You are right: I am incorrigibly optimistic about what we can do in times that are so challenging. That’s because I have made it a habit to count my blessings and not dwell long on what has gone wrong when and where. I rather wallow in the good stuff. After all, who would choose a dung heap over a bubble bath?! Have YOU counted your blessings today yet? If not, you could make it a habit, starting now.
Don Doman says
Why waste a day? Right? I’m an early riser and hit the computer first thing. I woke up this morning around 3:30. I thought about sleeping longer but I had things to do for clients and friends. I knew the Seattle Times would arrive around five. I rolled out of bed and went to my office and began my day. Sometimes I know what I’ll write and sometimes I don’t.

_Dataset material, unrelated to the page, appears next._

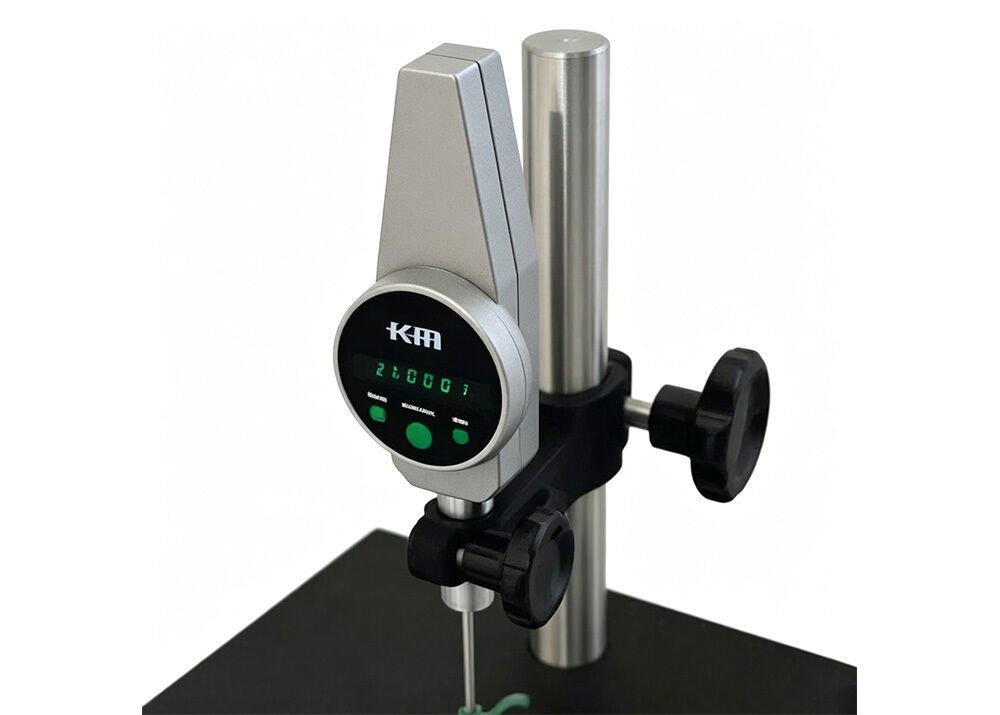 Heavy-Duty 0-100mm Granite Beam Digital Height Gauge with 0.0001mm Resolution for Oversized Casting and Automotive Die Checking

In the early afternoon I suggested to my wife that we watch a movie together. I had just seen it the night before, but sharing is so nice. I love being home and cooking with my wife and writing. Obviously I like other people that do the same. I don’t wallow in good stuff, but I do enjoy wading through it.
Susanne Bacon says
You are so right, Don! And I experience the same with my writing sometimes, especially when it’s about my columns. Only last night I thought I might have writer’s block. But then – oops, nine topics popping into my mind within a couple of minutes! Thank you for sharing your “in-shelter” situation. Sounds absolutely lovely. Including the wading …
K Boyle says
Great article, Susanne!
Susanne Bacon says
Thank you, Kaeri (did I spell this right?)! Stay safe!
Eric Chandler says
FYI….ALL “uber-expensive” vehicles of late no longer have the turn-signal lever installed….that’s why you see so many non-blinkings in your travels.
Susanne Bacon says
ROFL, that is what I have been commenting lately all the time – serially disinstalled!